Work item:
Take the lines below from the one with "Ma vương tái" through the one with "Iran Khodro Samand: 1.7" and print only them, exactly. Don't print the pictures.

Provided data:
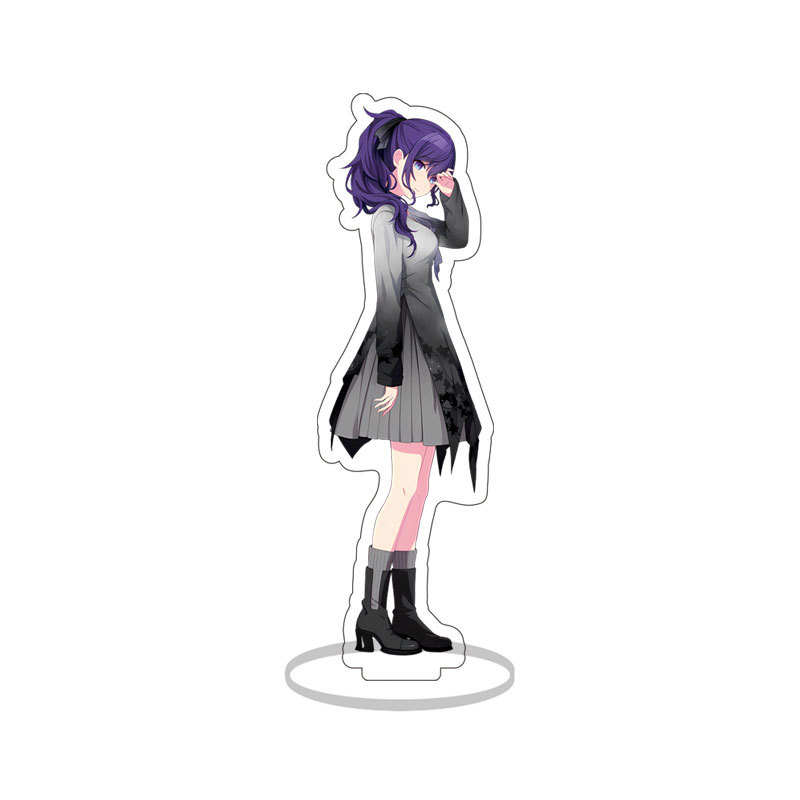 مجسم أكريليك أنمي من مشروع وور - مراجعة Anime Fan Merchandise وسعره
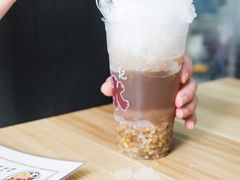 绿豆刨冰-陈记栗子(长宁路店)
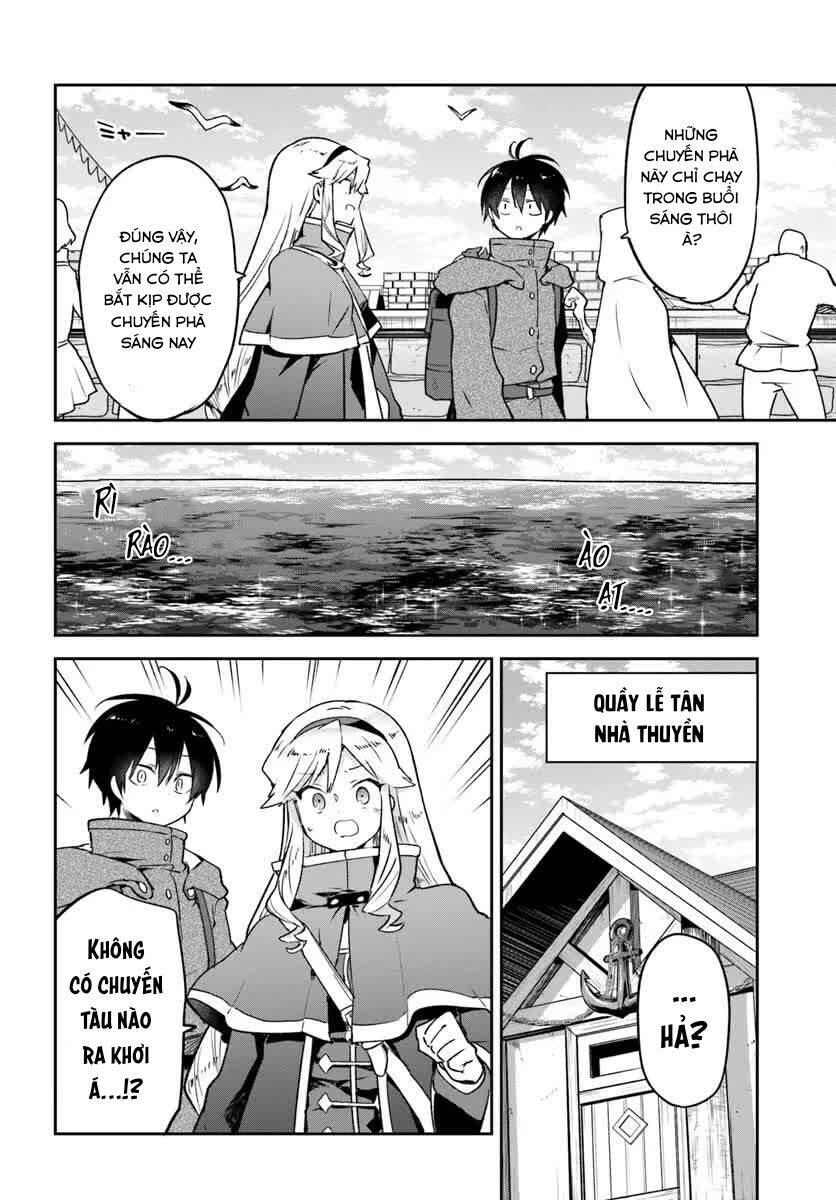 Ma vương tái sinh trở thành pháp sư mạnh nhất - Page 11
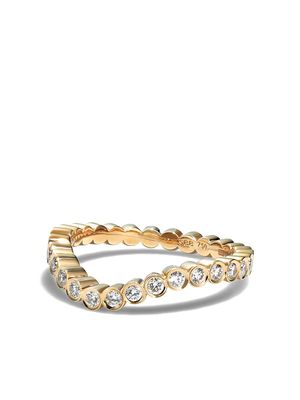 Sophie Bille Brahe bague Grace en or 18ct ornée de diamants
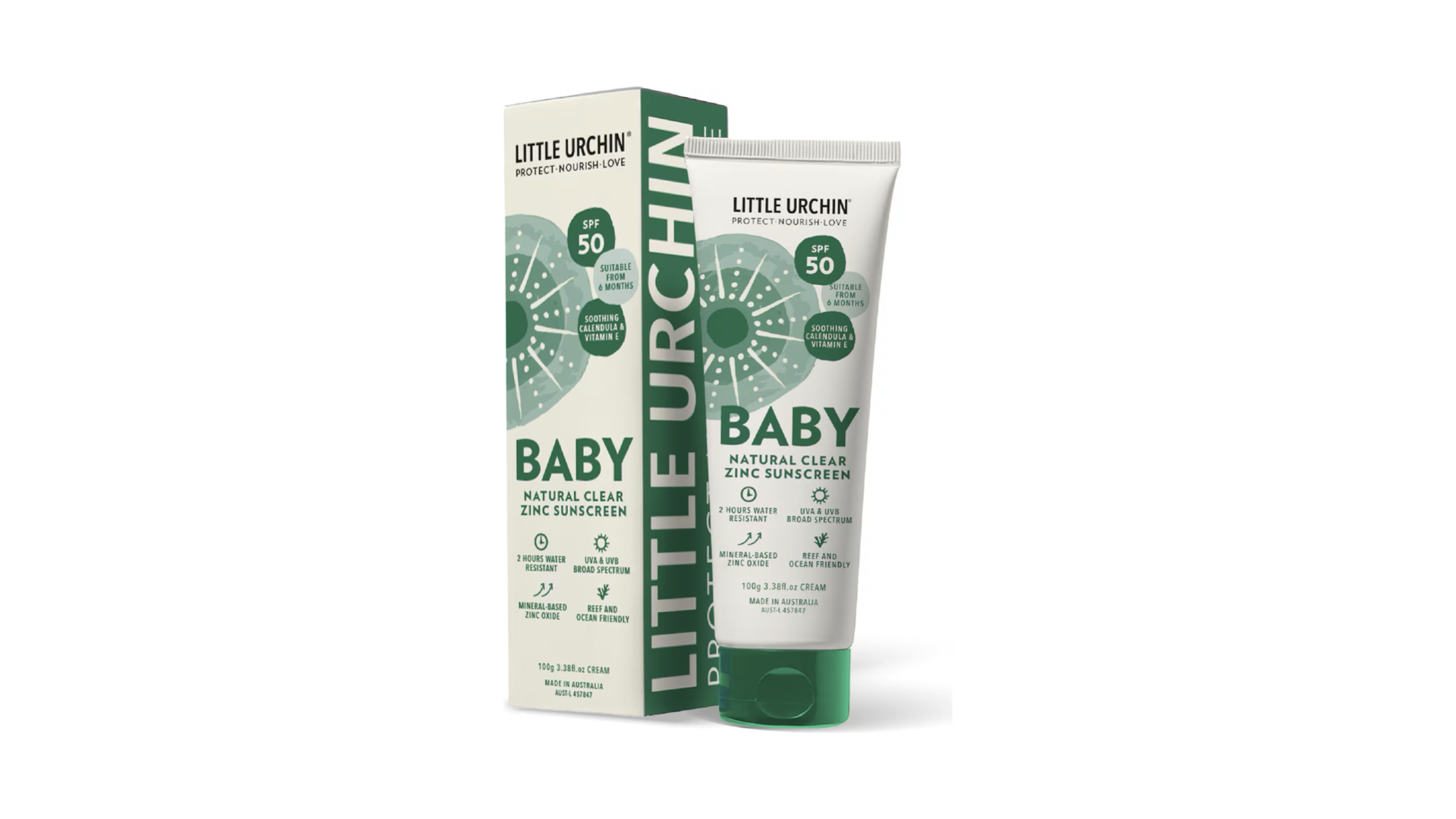 Little Urchin SPF 50+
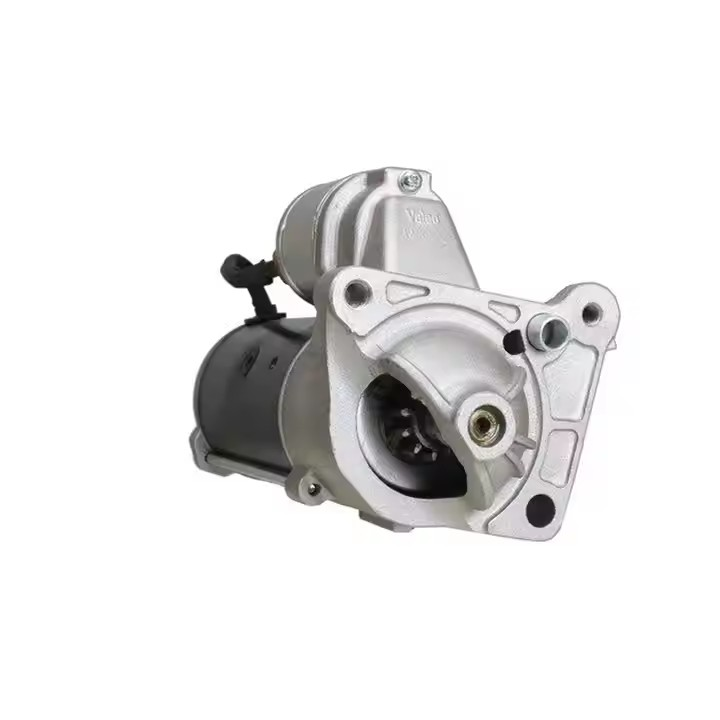 Starter motor 2330000QAC 0986020131 M1T85981 D7R49 M1T85681 8EA737830-001 23300-AW302 32572N 8EA737830001 forNISSAN, OPEL, RENAULT, SUZUKI, VAUXHALL, MITSUBISHI Teeth 11 12V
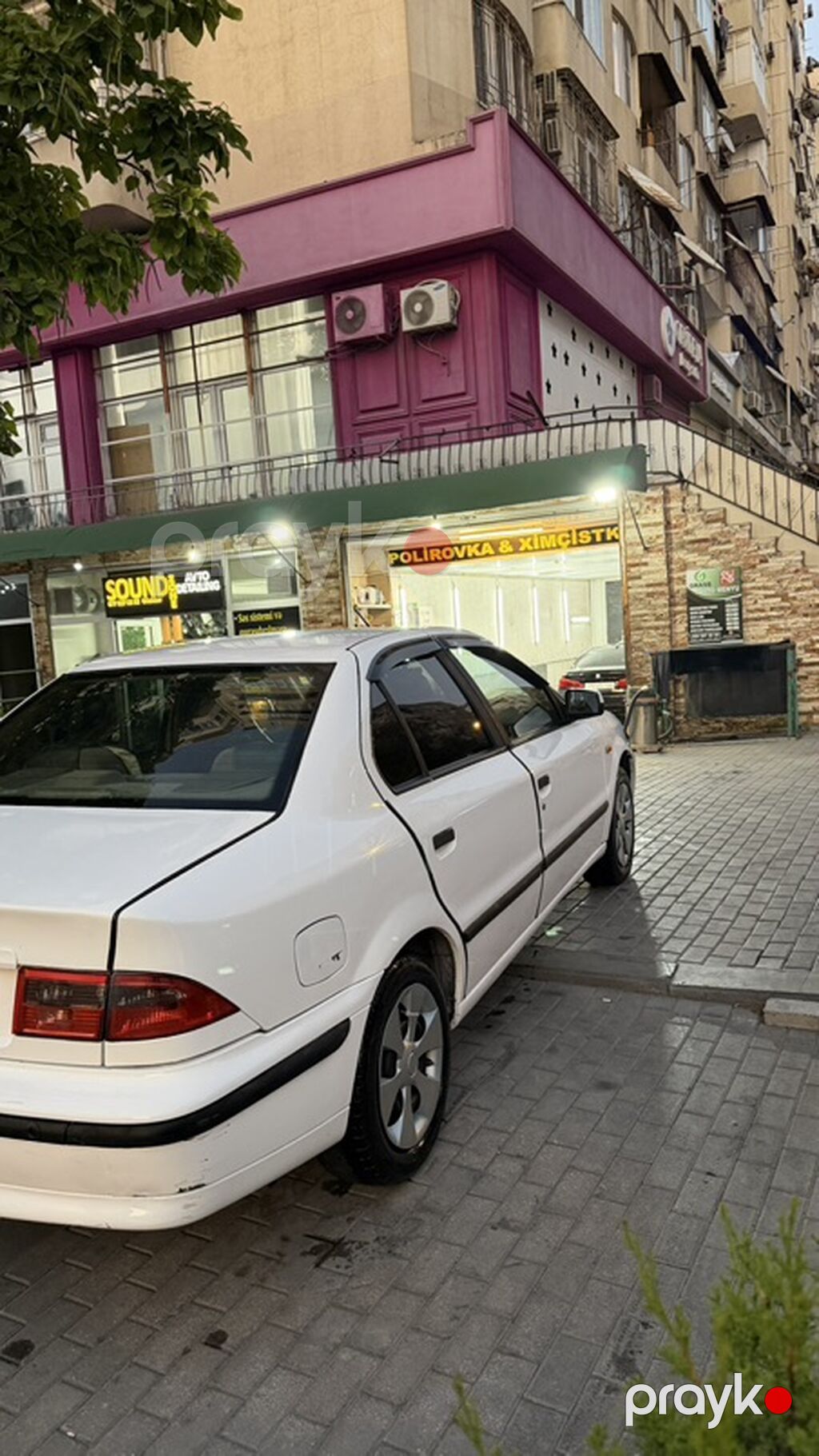 Iran Khodro Samand: 1.7 l Sedan — Avtomobillər, Bakı (3)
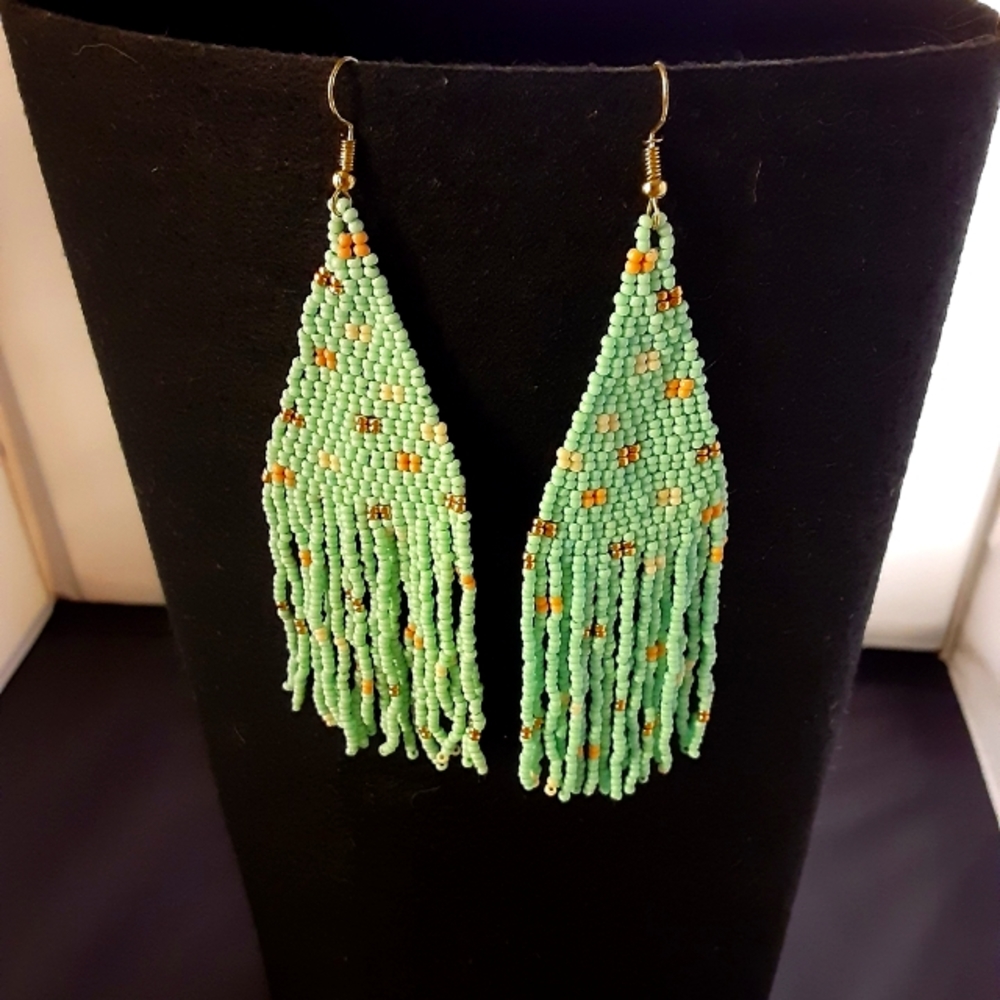 The right earrings can add that finishing touch to any style or look!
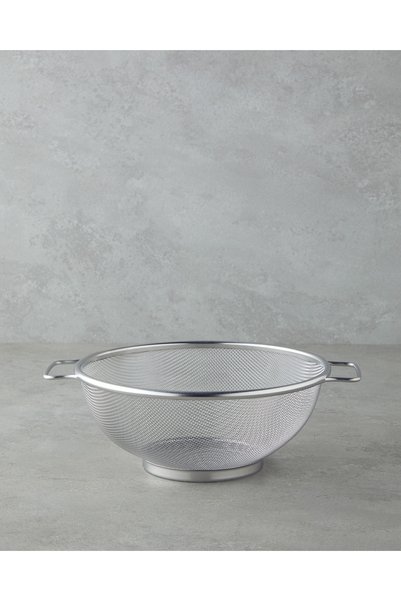 Brims Stainless Steel Drainer 22 cm Gray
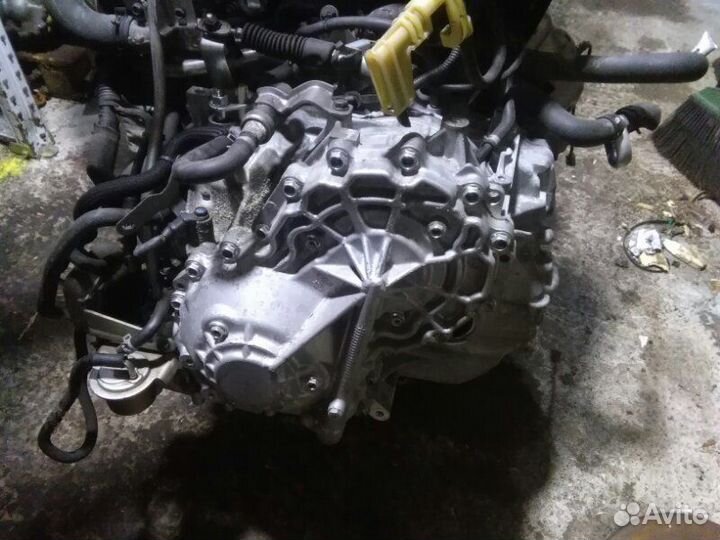 Вариатор Nissan Teana J32 VQ35DE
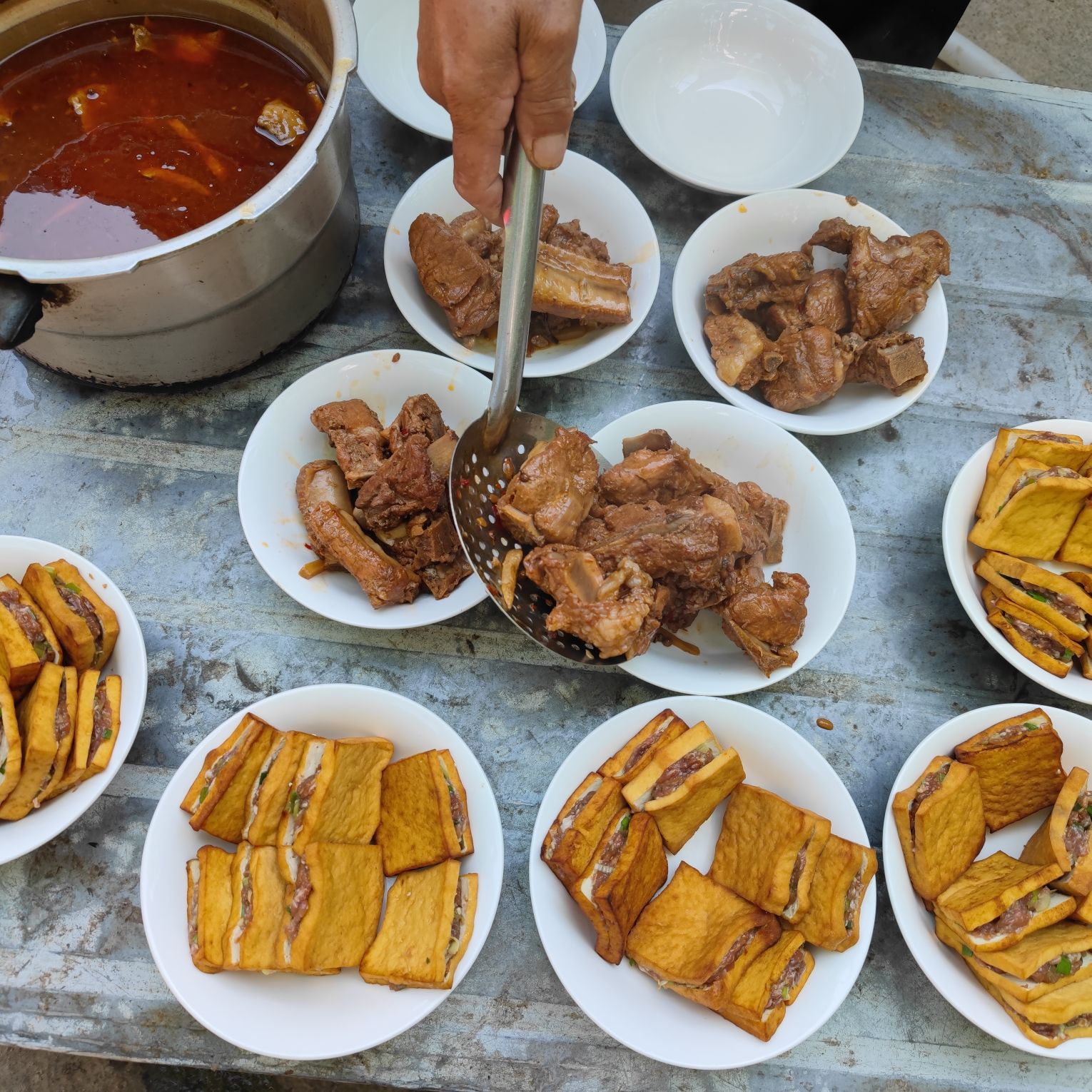 丽子农家院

Result:
 Ma vương tái sinh trở thành pháp sư mạnh nhất - Page 11
 Sophie Bille Brahe bague Grace en or 18ct ornée de diamants
 Little Urchin SPF 50+
 Starter motor 2330000QAC 0986020131 M1T85981 D7R49 M1T85681 8EA737830-001 23300-AW302 32572N 8EA737830001 forNISSAN, OPEL, RENAULT, SUZUKI, VAUXHALL, MITSUBISHI Teeth 11 12V
 Iran Khodro Samand: 1.7 l Sedan — Avtomobillər, Bakı (3)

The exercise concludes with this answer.